How do we support the validation of predictive biomarkers together with the development companion diagnostics? That’s the question that Clare Balendran, Vice President and Head of Translational Development at Novo Nordisk, sets out to answer in her presentation. 

Balendran has over 15 years of experience in monitoring biomarkers, companion diagnostics, and diagnostics in large pharma. She’s worked at all stages of the drug discovery and development process, from early pre-projects which build biomarker hypotheses right up until due diligence and licensing. The Translational Development department at Novo Nordisk focuses on biomarkers from phase one decision making to patient selection in later phases.  

Balendran showed an all-too-familiar slide showcasing the textbook drug-diagnostic co-development model. This model neatly tracks the drug development pipeline: biomarker selection (research), feasibility studies (preclinical), prototype assay (phase I), analytical validation (phase II), clinical validation (phase III), regulatory submission, and post approval.  

However, as Balendran notes, this tidy and linear pathway does not end up being the case in practice. In Balendran’s 15 years of experience, she has never had an example of a project being this straightforward. While the textbook approach to drug and diagnostic co-development is ideal, in reality, biomarker selection and feasibility often take longer, pushing diagnostic development into later phases.  

Therefore, diagnostic development is squeezed to fit the uncertainties of novel drug development. This is the case for a variety of reasons. Interventional studies are required to identify or validate predictive biomarkers for novel drug targets. The attrition rate of early projects restricts broad frontloading and at-risk investment Increased pressure on trial designs with fast and lean development programmes. And broad non-selected populations are still seen as preferable options outside of oncology. 
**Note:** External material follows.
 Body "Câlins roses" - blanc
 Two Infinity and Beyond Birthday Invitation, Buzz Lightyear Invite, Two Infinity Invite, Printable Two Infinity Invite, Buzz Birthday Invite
Balendran said that the way to mitigate this is through effective panning and strategy. Effective planning, including preclinical and retrospective clinical studies, and aligning project strategies between diagnostic and clinical teams are crucial for success. It is also important to be aware of risks. Having flexible strategies and being prepared to adapt to changes are essential for successful biomarker and diagnostic development.